Style Aligned Image Generation via Shared Attention

Authors: Amir Hertz, Andrey Voynov, Shlomi Fruchter, Daniel Cohen-Or

What

This paper introduces StyleAligned, a method for generating sets of images with consistent styles from text prompts using pre-trained text-to-image diffusion models.

Why

This paper is important because it offers a new approach to controlling the style of generated images in text-to-image synthesis, which has been a challenging problem. Existing methods often require expensive fine-tuning or struggle to maintain consistency across different prompts, while StyleAligned achieves this without any training or optimization.

How

StyleAligned works by introducing a shared attention mechanism into the diffusion process. When generating a set of images, each image attends to the features of a reference image, typically the first in the batch, during specific layers in the diffusion process.
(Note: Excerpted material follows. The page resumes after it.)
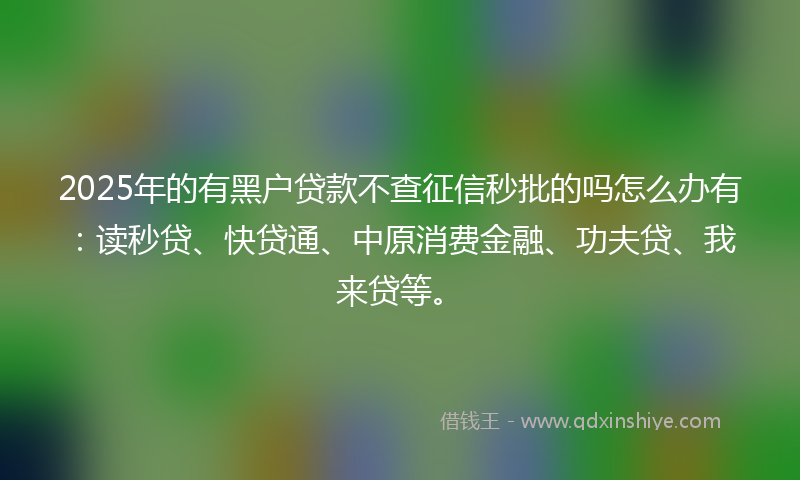 2025年的有黑户贷款不查征信秒批的吗怎么办有：读秒贷、快贷通、中原消费金融、功夫贷、我来贷等。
This attention sharing is further enhanced by using Adaptive Instance Normalization (AdaIN) to balance attention flow and improve style alignment.

Result

The paper shows that StyleAligned outperforms existing T2I personalization methods, such as StyleDrop and DreamBooth, in terms of style consistency while maintaining good alignment with text prompts. Notably, it generates more coherent sets of images with shared stylistic elements, as evidenced by both qualitative examples and quantitative metrics using CLIP and DINO embeddings. Furthermore, the method is flexible and can be integrated with other diffusion-based techniques like ControlNet and MultiDiffusion, demonstrating its potential for various applications.

LF

The paper acknowledges limitations in controlling the degree of shape and appearance similarity between generated images and highlights the need for improved diffusion inversion techniques. Future work could focus on these aspects and explore the use of StyleAligned for creating large, style-aligned datasets to train novel text-to-image models.

Abstract

Large-scale Text-to-Image (T2I) models have rapidly gained prominence across creative fields, generating visually compelling outputs from textual prompts. However, controlling these models to ensure consistent style remains challenging, with existing methods necessitating fine-tuning and manual intervention to disentangle content and style. In this paper, we introduce StyleAligned, a novel technique designed to establish style alignment among a series of generated images. By employing minimal `attention sharing’ during the diffusion process, our method maintains style consistency across images within T2I models. This approach allows for the creation of style-consistent images using a reference style through a straightforward inversion operation. Our method’s evaluation across diverse styles and text prompts demonstrates high-quality synthesis and fidelity, underscoring its efficacy in achieving consistent style across various inputs.